To my dear children:
A while back I wrote a letter to you, with the hope that one day you would read it when you are older.  I have been thinking lately that this is something I should do more of, and perhaps one day it will be good for me, as well, to look back and see how things have changed.  A lot has been on my mind lately as life changes – the most obvious of changes in our family’s life being related to the birth of Evelyn.  And this brings up the first lesson I hope to impart to you in this letter, and I hope that I can word this eloquently and clearly as it will be tricky:

As you face difficulties, remember the blessings of the past, and look forward to the blessings to come

Your mother’s pregnancy with Evelyn was…difficult.  She was sick and uncomfortable; I was frustrated from seeing her that way, frustrated with having to take up additional responsibilities, frustrated by the worries of how life would change and how difficult that would be.  But all that melted away the moment I met Evelyn – the love that filled my heart trumped all worries and all the frustration of the last 9 months were all but forgotten.  I wish I could’ve kept a sound mind during the pregnancy and realized this is how things would be, remembering that this is how it was with Logan and Lilly, but my mind invented new worries, such as “how are we going to manage when we (your parents) are now outnumbered?”  Your mother was much better at dealing with this and repeatedly stated how much she was looking forward to meeting Evelyn, and you could hear the expectation and eagerness in her voice as she said it.  Well, I hope you will take more of her optimistic view than my often pessimistic viewpoint.  But I came around.

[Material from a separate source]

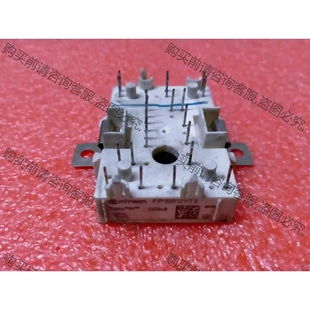 議價(jià)產(chǎn)品 FP10R12YT3 FP15R12Y 原裝 FP10R12KE3 拆機(jī)功能完好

Now, to move on to the other lessons I am pondering and hoping to impart to you, I need to give you a little background.  We have just finished a presidential election, one in which President Barack Obama was re-elected.  I have to admit that I really don’t remember many details of the elections that happened when I was growing up beyond who the candidates were and bits and pieces of what I was told by the people around me.  And this is only the fourth presidential election for which I was old enough to vote, and thus had a personal interest in.  But it seems to me that the politics of this election were especially negative – more so than other elections I remember – and it seems that many people I knew have been very afraid of what the outcome of this election would be.  Not only that, but I saw a lot of despair after the results of this election, and it was disheartening to see how afraid people were.  There is a quote from a man named Henry Louis Mencken I like, which applies to this election:

“The whole aim of practical politics is to keep the populace alarmed (and hence clamorous to be led to safety) by menacing it with an endless series of hobgoblins, all of them imaginary.” 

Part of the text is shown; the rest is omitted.